On 27 July 2009, a proposal was issued by the DRCLVTejo for the classification of the property as an Imóvel de Interesse Público (Property of Public Interest), that fixed it in the complementary Special Protection Zone. But, the DRCLVTejo issued a later proposal over the restrictions applied (on 14 November 2011), resulting in its requalification on 6 January 2012. These proposals were approved on 23 January of the following year by the Conselho Nacional de Cultura (National Council for Culture). On 11 October the project was published in a decision that classified the villa as Sítio de Interesse Público (Site of Public Interest) and fixed it within the respect Special Protection Zone, in the declaration 13546/2012 (Diário da Reoública, Série 2, 197).

==Architecture==
Surveys were undertaken at the beginning of the following decade, resulting in the identification of various structures, including impermeable mortar tank plastered with lime, sand and tile.

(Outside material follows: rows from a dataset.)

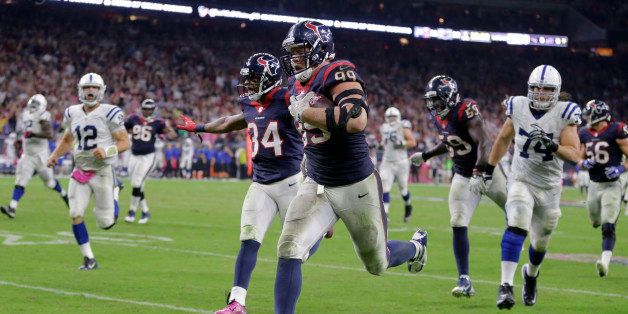 Houston Texans' J.J. Watt (99) returns a fumble against Indianapolis Colts for a 45-yard touchdown during the second half of an NFL football game, Thursday, Oct. 9, 2014, in Houston. (AP Photo/Patric Schneider)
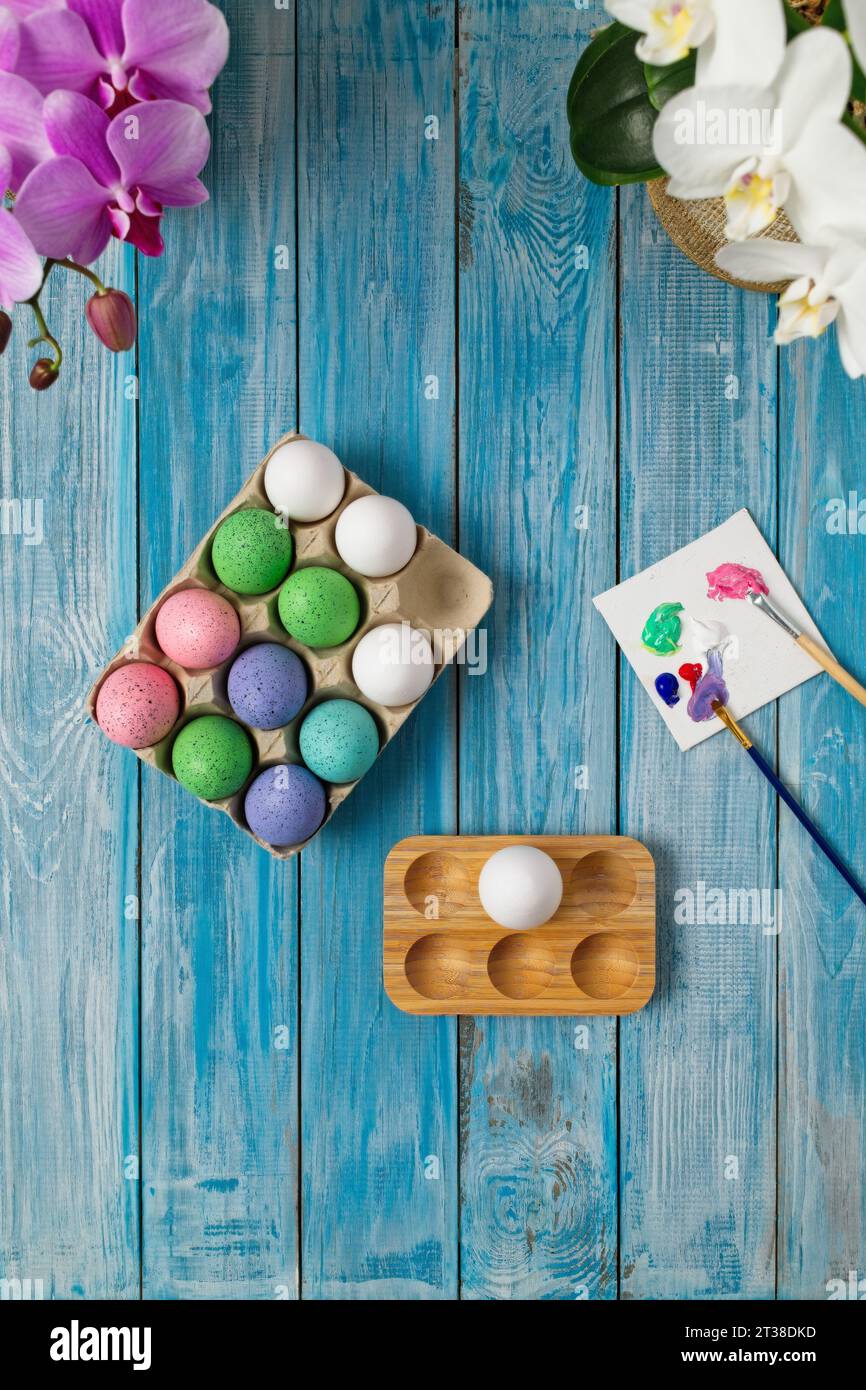Multicolored easter eggs on blue table with paint brushes and paint Stock Photo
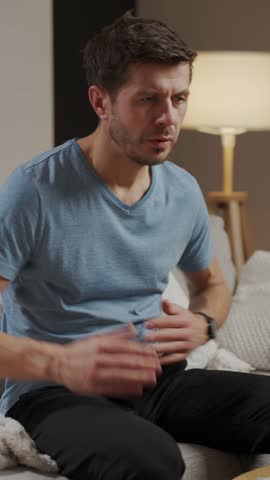 Man sitting on sofa in living room holding stomach and suffering from abdominal pain or cramps. Person suffering from health issues, digestion problems or food poisoning at home
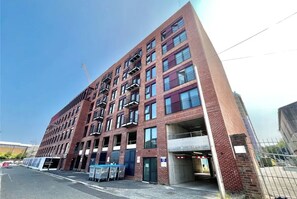 A multi-story building with a brick facade, multiple balconies, and a parking area with covered parking spaces. - Stylish 2BDR City Apartment In Liverpool (Liverpool)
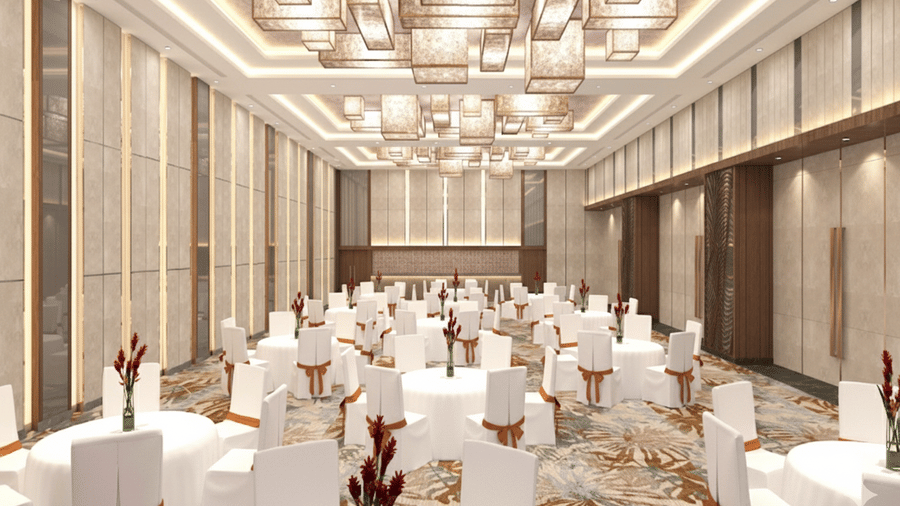 Render of interior of a large banquet hall at Vandhara Sarovar Premiere, Patkote, with clothed round tables, chairs, and modern rectangular chandeliers.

The work in the locale was discontinued, owing to various reasons, but resulted in the collection of architectonic elements, such as tegulae (rectangular roof tiles) and imbrices (overlapping roof tile). There were also artefacts exhumed that constituted the residential area, as opposed to the mainly agricultural area around the complex. This interpretation was reinforced by the stucco walls, and quality of excavated materials (such as glasses, bowls and ceramics, like the pots and pans discovered).

Of special note was the discovery of fragments of South Galacian, Hispânica and African terra sigillata (the last being the majority) confirming the sites Roman descendancy.